**EXERCISE AIM:** Begin at the first line of the data and copy each line through the one containing "Термометр для гриля-барбекю", that line included, with no pictures.

**RECORDS SHOWN:**
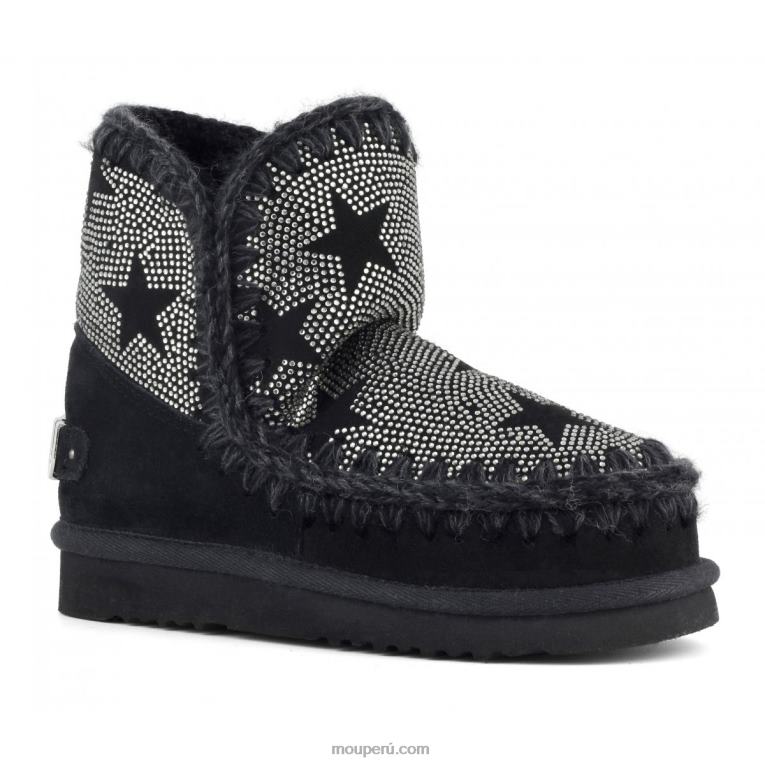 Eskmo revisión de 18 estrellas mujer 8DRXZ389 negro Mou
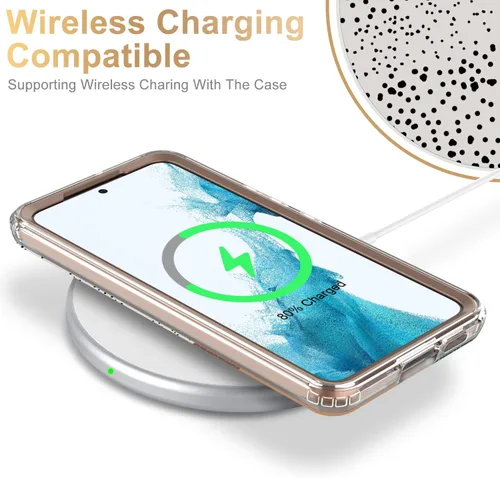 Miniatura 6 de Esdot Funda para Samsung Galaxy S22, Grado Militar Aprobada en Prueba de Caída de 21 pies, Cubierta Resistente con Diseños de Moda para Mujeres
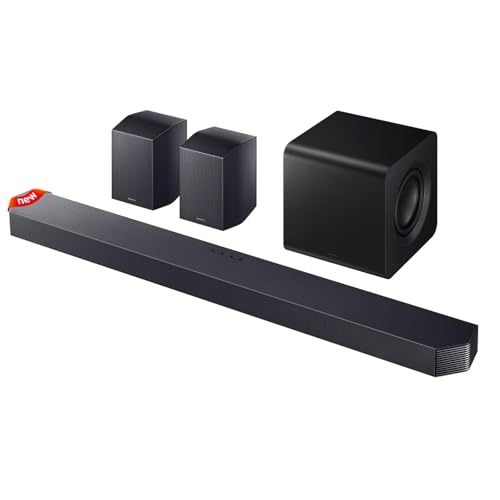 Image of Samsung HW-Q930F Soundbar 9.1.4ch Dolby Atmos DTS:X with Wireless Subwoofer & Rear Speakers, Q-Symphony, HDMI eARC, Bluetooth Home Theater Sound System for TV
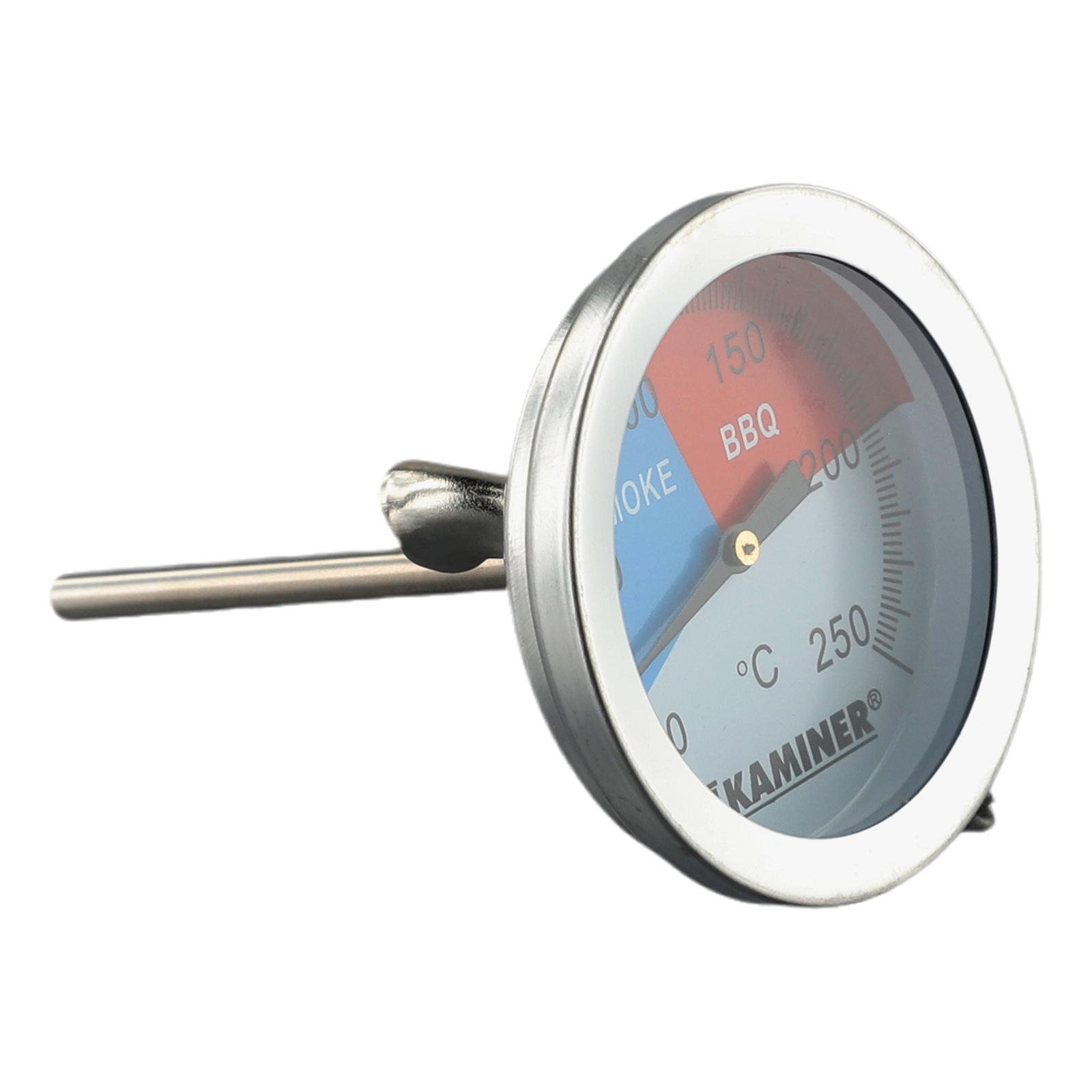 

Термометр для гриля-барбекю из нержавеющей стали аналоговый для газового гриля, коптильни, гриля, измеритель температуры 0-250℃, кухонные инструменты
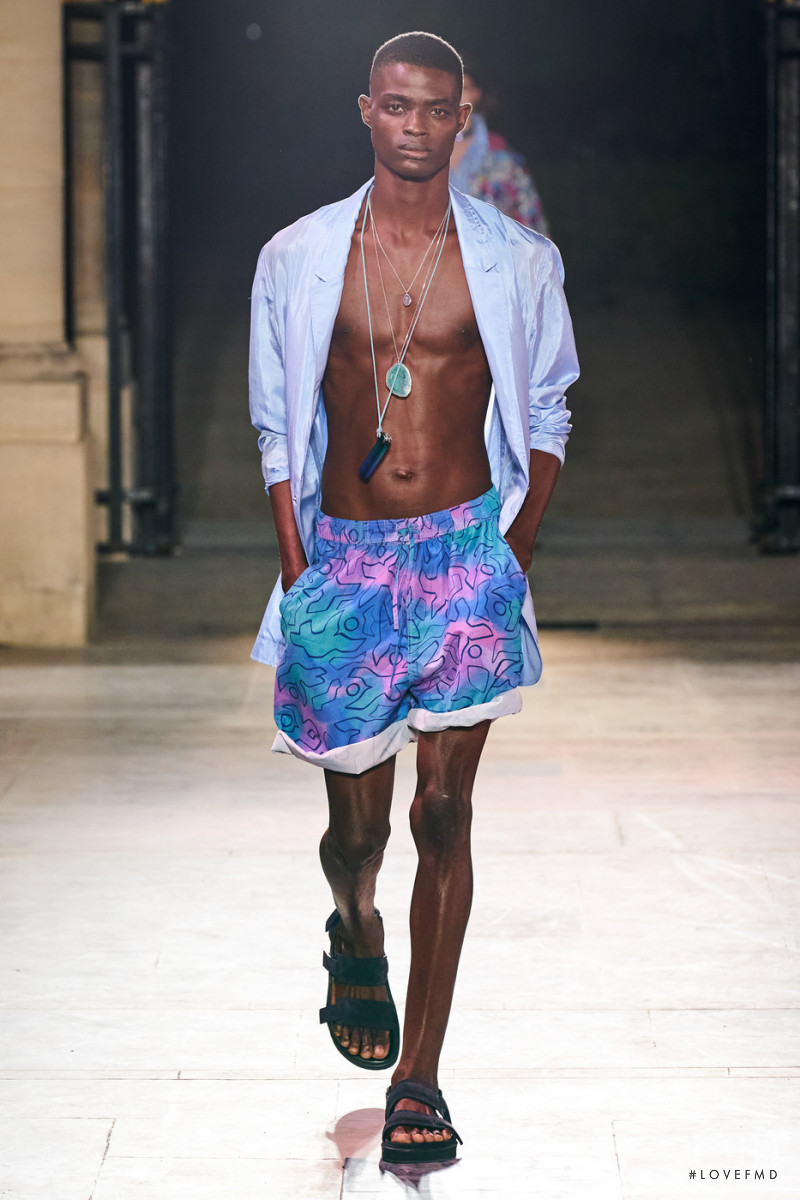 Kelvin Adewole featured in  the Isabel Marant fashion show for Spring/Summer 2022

**RESPONSE BOX:**
 Eskmo revisión de 18 estrellas mujer 8DRXZ389 negro Mou
 Miniatura 6 de Esdot Funda para Samsung Galaxy S22, Grado Militar Aprobada en Prueba de Caída de 21 pies, Cubierta Resistente con Diseños de Moda para Mujeres
 Image of Samsung HW-Q930F Soundbar 9.1.4ch Dolby Atmos DTS:X with Wireless Subwoofer & Rear Speakers, Q-Symphony, HDMI eARC, Bluetooth Home Theater Sound System for TV

Термометр для гриля-барбекю из нержавеющей стали аналоговый для газового гриля, коптильни, гриля, измеритель температуры 0-250℃, кухонные инструменты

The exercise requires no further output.